▶ [Dataset entries]
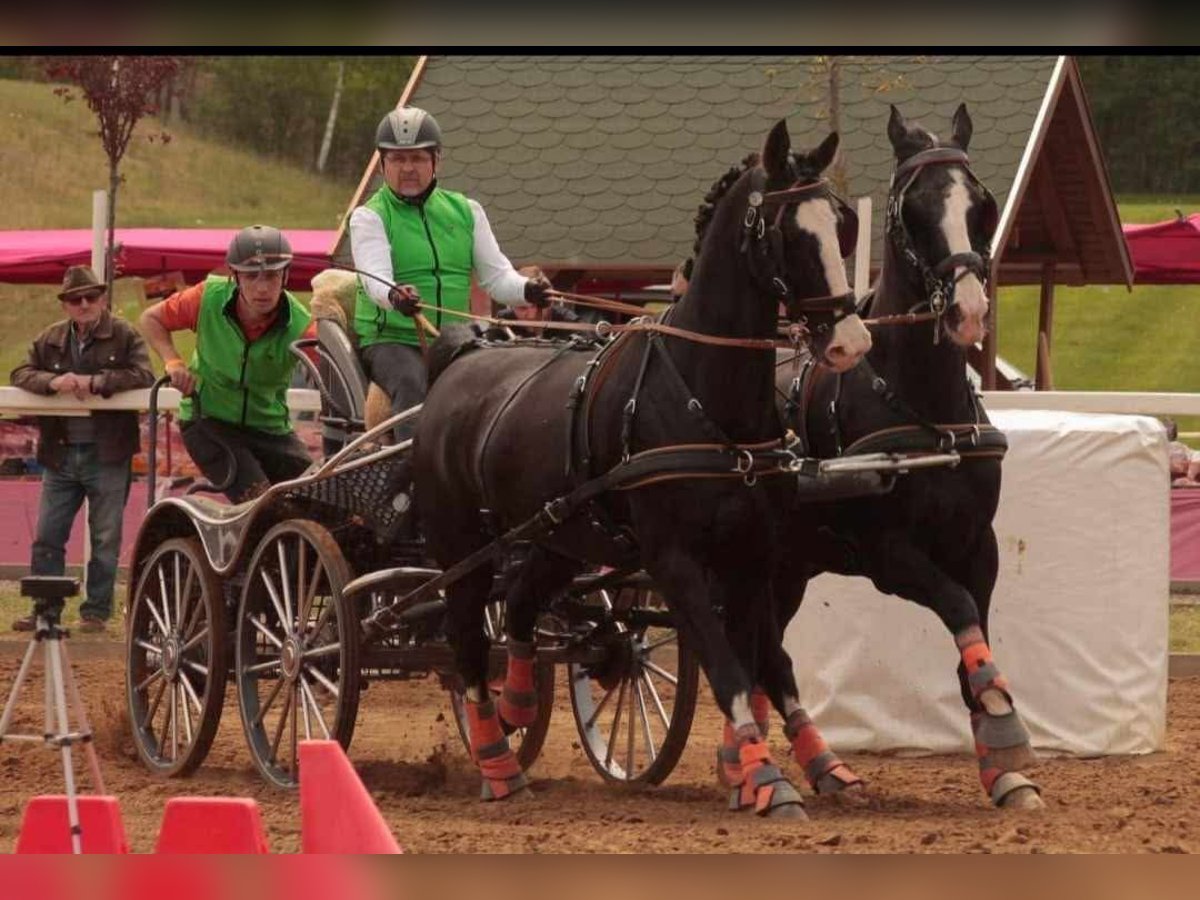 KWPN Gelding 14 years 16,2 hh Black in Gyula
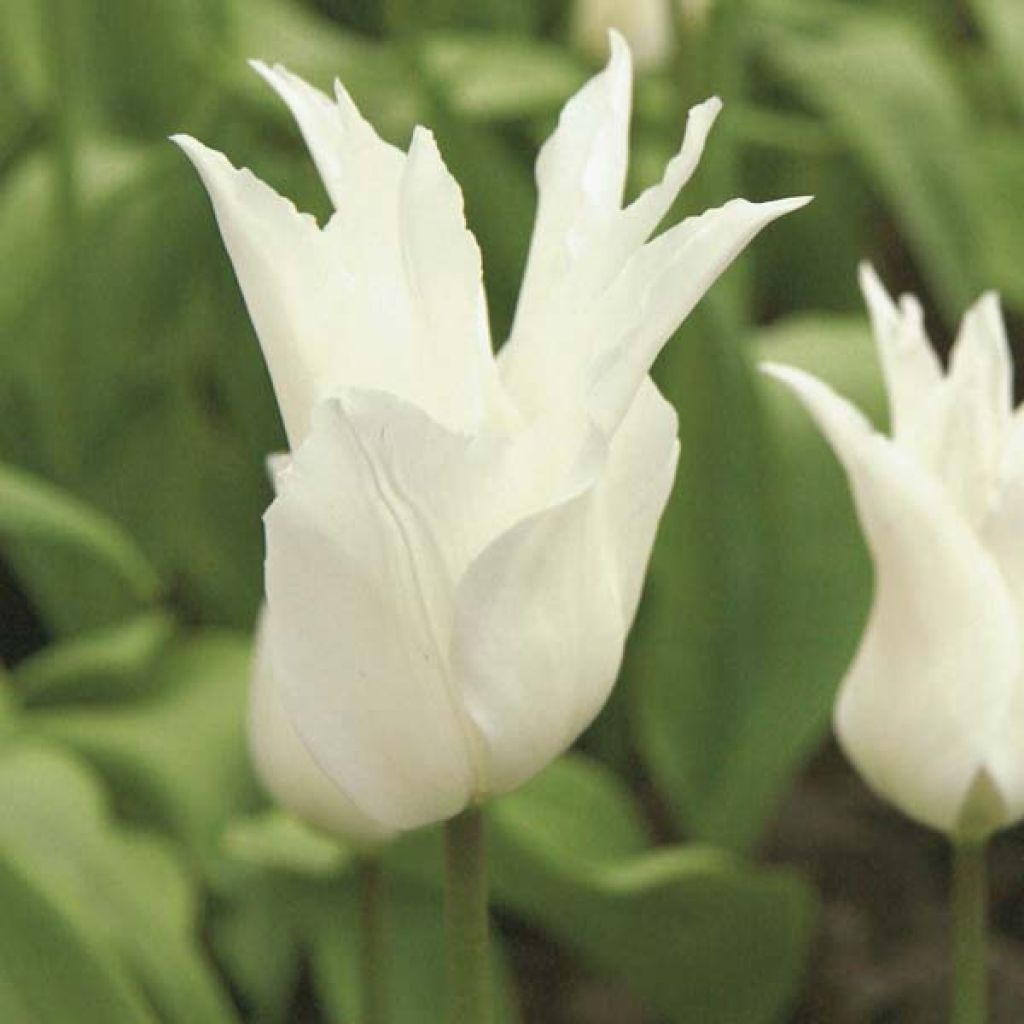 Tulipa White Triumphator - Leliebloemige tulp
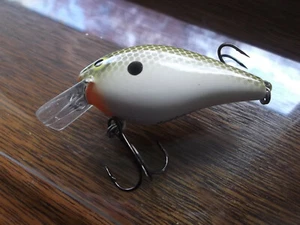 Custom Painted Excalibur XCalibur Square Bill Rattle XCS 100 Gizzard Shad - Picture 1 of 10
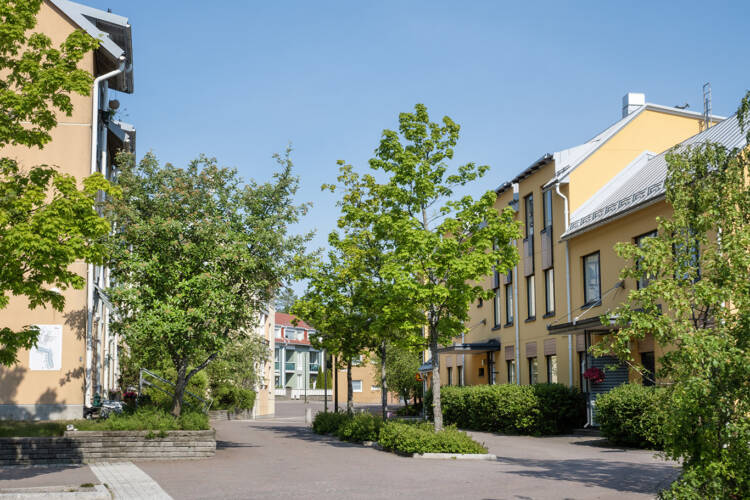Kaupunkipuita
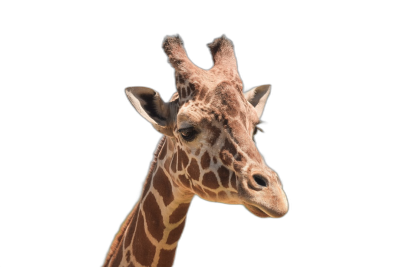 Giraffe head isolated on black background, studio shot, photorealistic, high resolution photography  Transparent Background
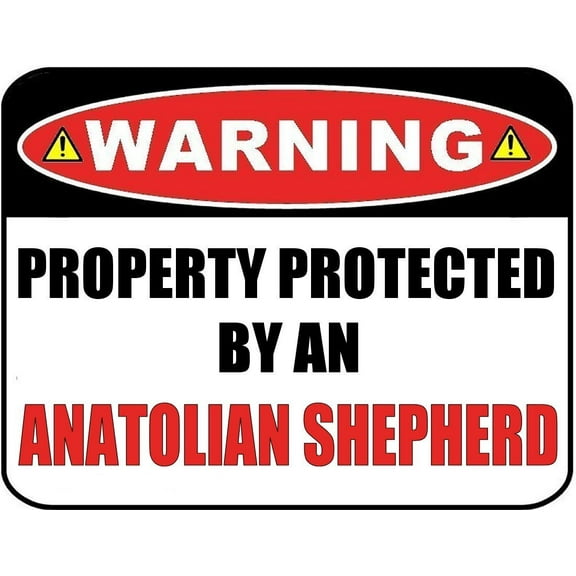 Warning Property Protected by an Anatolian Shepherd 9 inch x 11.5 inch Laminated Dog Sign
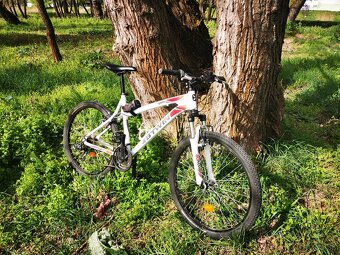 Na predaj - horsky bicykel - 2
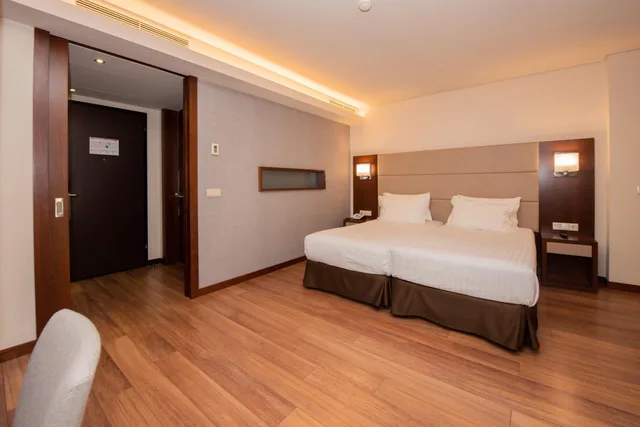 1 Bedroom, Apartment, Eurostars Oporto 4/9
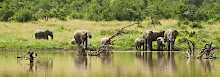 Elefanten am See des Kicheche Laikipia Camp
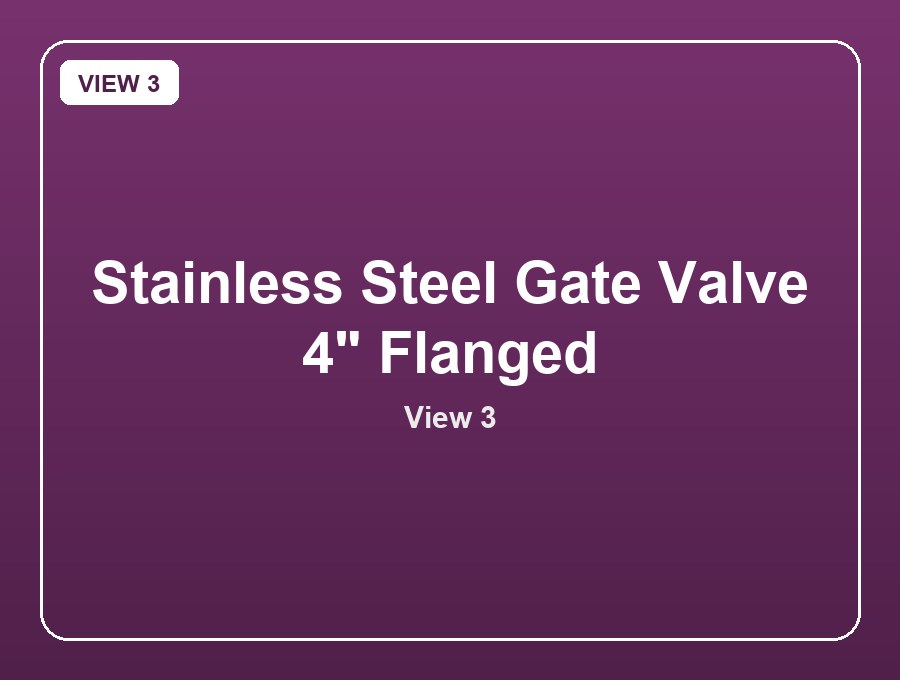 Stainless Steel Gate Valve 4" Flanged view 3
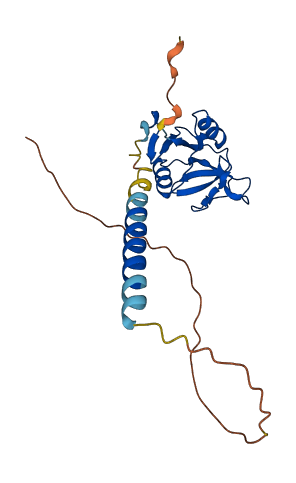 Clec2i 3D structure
--
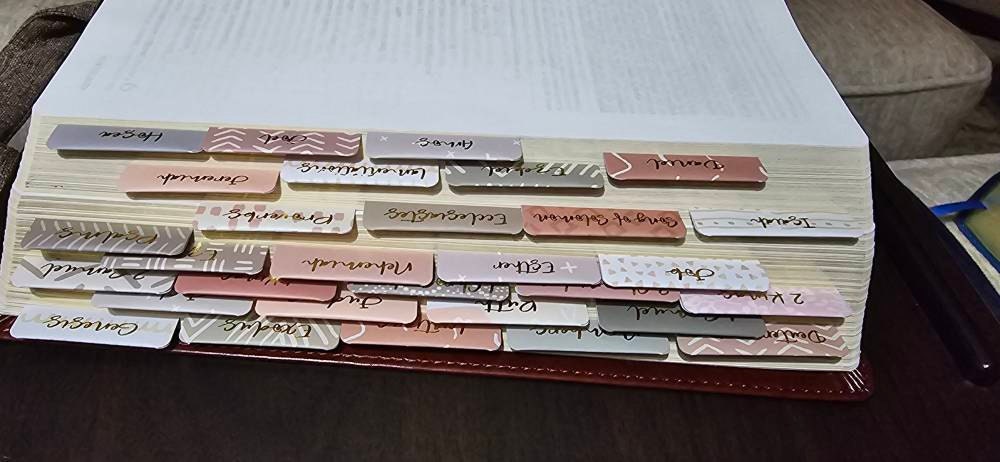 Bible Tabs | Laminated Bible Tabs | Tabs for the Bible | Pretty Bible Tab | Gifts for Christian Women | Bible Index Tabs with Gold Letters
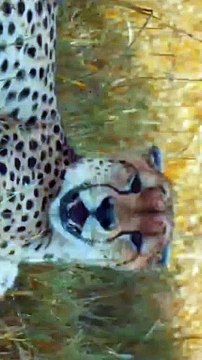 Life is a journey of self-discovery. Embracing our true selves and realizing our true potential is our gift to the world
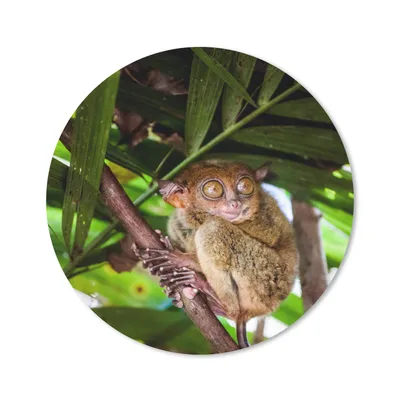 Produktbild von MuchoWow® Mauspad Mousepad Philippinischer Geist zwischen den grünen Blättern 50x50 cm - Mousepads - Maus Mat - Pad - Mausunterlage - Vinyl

▶ [Exercise brief]
Working from the data above, repeat exactly, and only, the lines that begin at the line containing "KWPN Gelding 14 years 16,2 hh Black in Gyula" and stop after the line containing "Giraffe head isolated"; pictures are not copied.

▶ [Result for this task]
 KWPN Gelding 14 years 16,2 hh Black in Gyula
 Tulipa White Triumphator - Leliebloemige tulp
 Custom Painted Excalibur XCalibur Square Bill Rattle XCS 100 Gizzard Shad - Picture 1 of 10
Kaupunkipuita
 Giraffe head isolated on black background, studio shot, photorealistic, high resolution photography  Transparent Background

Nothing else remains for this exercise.